▸ What is expected: Your copy should match the records below word for word and contain no pictures.

▸ Records to use:
▶

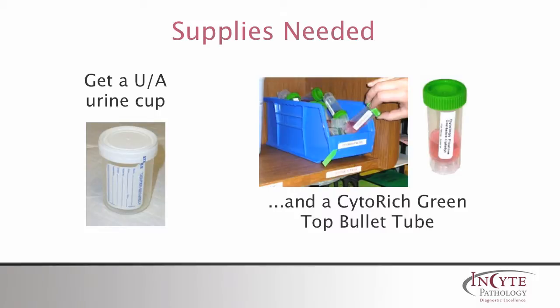First we need a standard urine cup and a green top bullet tube with cytology fixative from your supply area. The urine cup will hold unfixed fluid, and the bullet tube will hold fixed fluid.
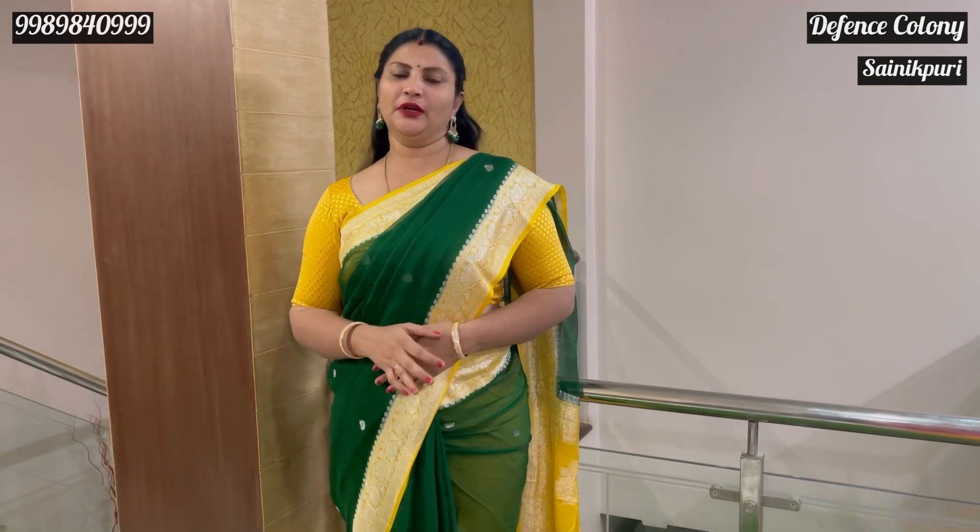Hello everyone, welcome to Samthar Edy Studio. In this video, you can see the Banarasi sarees. This is a complete pure texture.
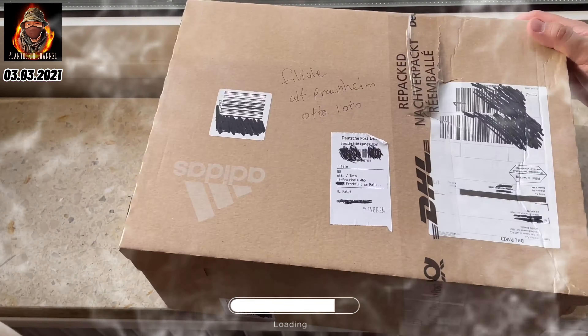Hi guys! Another delayed unboxing video. At nakita nyo nga sa intro, nakukuha na naman tayo ng sapatos from Adidas. And this is the Yeezy Boost 350 V2 in Ashton colorway. Isa lang to sa regional release ng Adidas guys, at kasabayan niya ni-release yung Ash Blue, pero sa US lang ata ni-release yun, at itong Ashton, dito sya sa Europe.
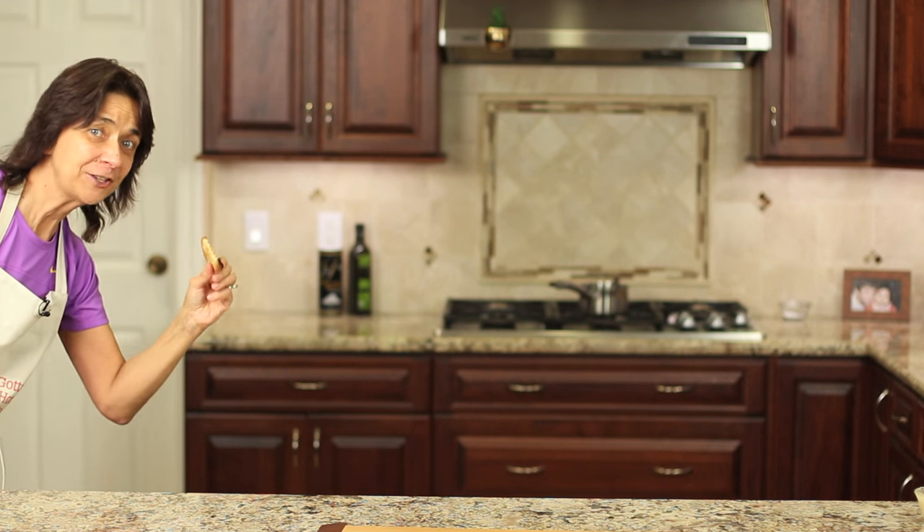Alright guys, I hope you enjoyed my video. I sure enjoyed making it for you — I can't wait to eat some of this. I hope you'll try it and leave me a comment letting me know how you liked it. If you haven't subscribed yet, click that button and you'll be notified every week when a new video comes out. If you have any recipe requests, leave them in the comments below. Apple butter on toast — it's phenomenal, you've got to try it.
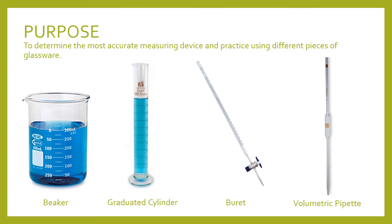The first one on the left here is a beaker, the second will be a graduated cylinder, the third is a burette, and the fourth is a volumetric pipette.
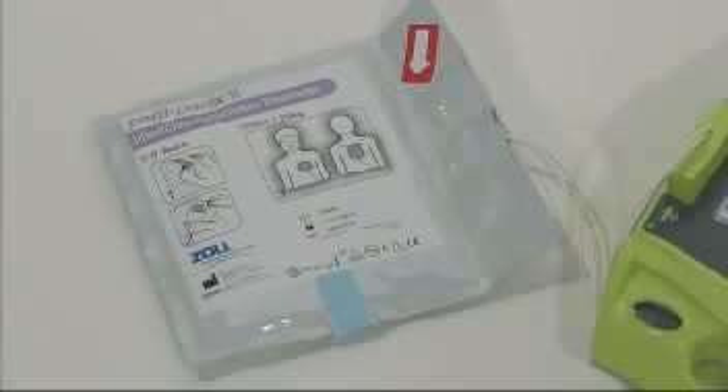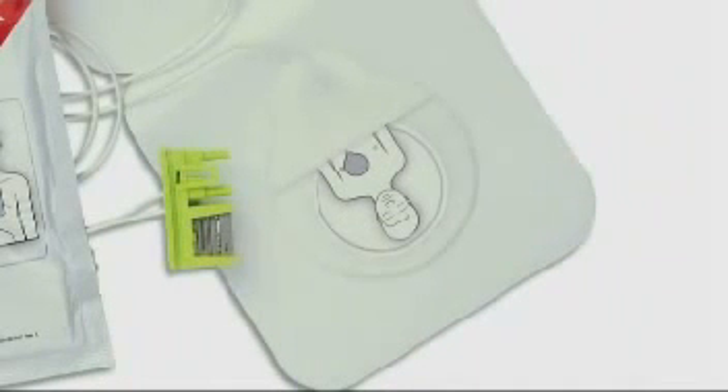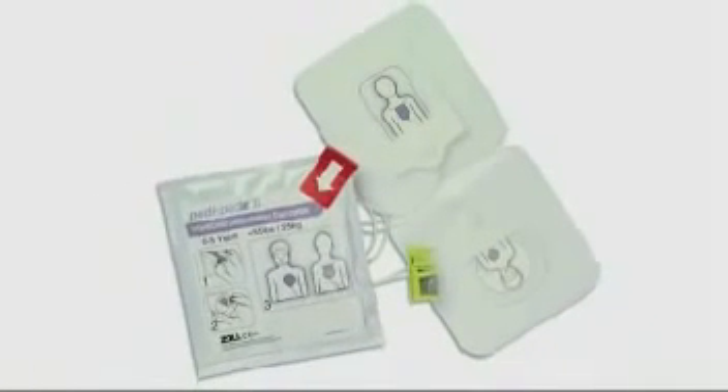The AED Plus will recognize that the pedi-pads are connected and announce 'pediatric pads.' Place the electrodes on the child according to the graphics on the package. The round electrode should be positioned on the chest and the square electrode on the back. Return the child onto their back before following further AED Plus prompts.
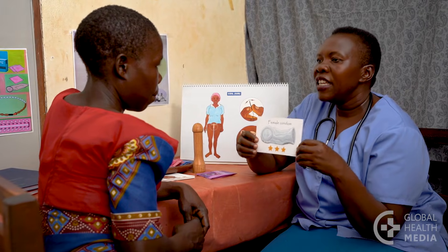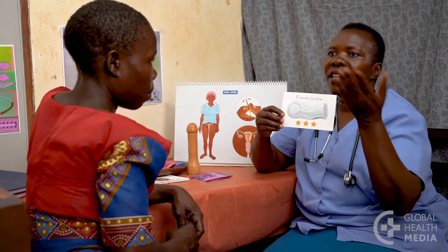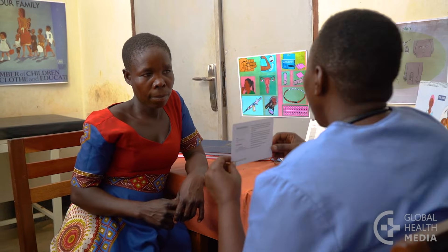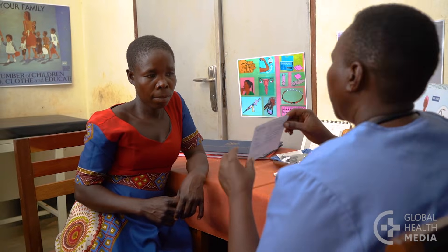The female condom gives women a lot of control to protect themselves, and some men like them better than male condoms. Here's how to use one.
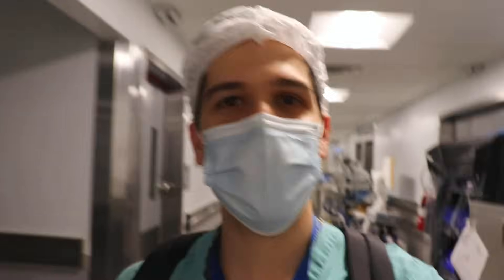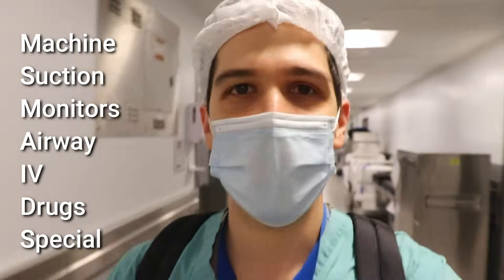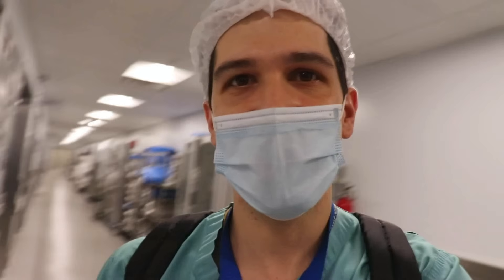What's up everybody, my name is Max Feinstein and I'm an anesthesia resident at the Mount Sinai Hospital in New York City. Today I'm going to show you how I set up my operating room to get ready to start a case. I'm going to be using the standard MS Maids mnemonic which I'll narrate for you so you can follow along. If you find this video interesting or helpful I'd really appreciate it if you like it and subscribe to the channel. I've got about 20 minutes here so let's get started.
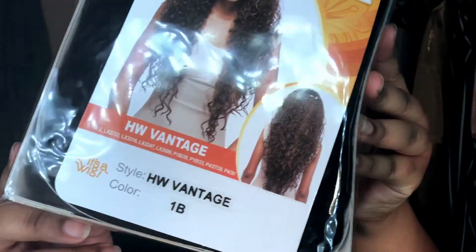Hi guys, welcome back to my channel, it's me Jasmine Alica. In today's video I'm going to be trying a wig for the first time. It's actually a half wig and it's synthetic — the HW Vantage in the color 1B. I got it from my local beauty supply store and it was $39.99 but they had a sale and made it $30.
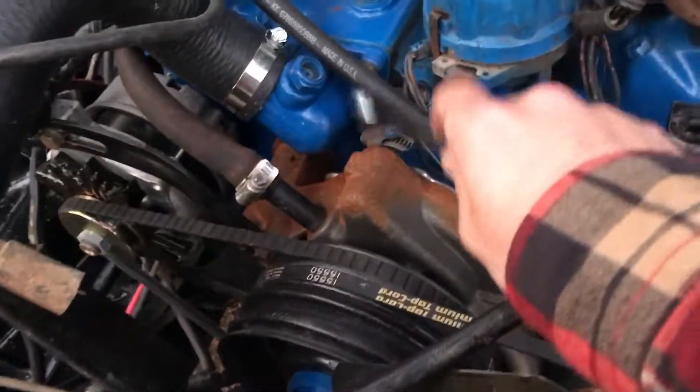Got it on both sides, but that's gonna be a stopping point for today because the sun's gone down. One thing I want to point out — there's a brand new water pump and master cylinder and they've already rusted. It's ridiculous.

◀

▸ Written answer:
First we need a standard urine cup and a green top bullet tube with cytology fixative from your supply area. The urine cup will hold unfixed fluid, and the bullet tube will hold fixed fluid.
Hello everyone, welcome to Samthar Edy Studio. In this video, you can see the Banarasi sarees. This is a complete pure texture.
Hi guys! Another delayed unboxing video. At nakita nyo nga sa intro, nakukuha na naman tayo ng sapatos from Adidas. And this is the Yeezy Boost 350 V2 in Ashton colorway. Isa lang to sa regional release ng Adidas guys, at kasabayan niya ni-release yung Ash Blue, pero sa US lang ata ni-release yun, at itong Ashton, dito sya sa Europe.
Alright guys, I hope you enjoyed my video. I sure enjoyed making it for you — I can't wait to eat some of this. I hope you'll try it and leave me a comment letting me know how you liked it. If you haven't subscribed yet, click that button and you'll be notified every week when a new video comes out. If you have any recipe requests, leave them in the comments below. Apple butter on toast — it's phenomenal, you've got to try it.
The first one on the left here is a beaker, the second will be a graduated cylinder, the third is a burette, and the fourth is a volumetric pipette.
The AED Plus will recognize that the pedi-pads are connected and announce 'pediatric pads.' Place the electrodes on the child according to the graphics on the package. The round electrode should be positioned on the chest and the square electrode on the back. Return the child onto their back before following further AED Plus prompts.
The female condom gives women a lot of control to protect themselves, and some men like them better than male condoms. Here's how to use one.
What's up everybody, my name is Max Feinstein and I'm an anesthesia resident at the Mount Sinai Hospital in New York City. Today I'm going to show you how I set up my operating room to get ready to start a case. I'm going to be using the standard MS Maids mnemonic which I'll narrate for you so you can follow along. If you find this video interesting or helpful I'd really appreciate it if you like it and subscribe to the channel. I've got about 20 minutes here so let's get started.
Hi guys, welcome back to my channel, it's me Jasmine Alica. In today's video I'm going to be trying a wig for the first time. It's actually a half wig and it's synthetic — the HW Vantage in the color 1B. I got it from my local beauty supply store and it was $39.99 but they had a sale and made it $30.
Got it on both sides, but that's gonna be a stopping point for today because the sun's gone down. One thing I want to point out — there's a brand new water pump and master cylinder and they've already rusted. It's ridiculous.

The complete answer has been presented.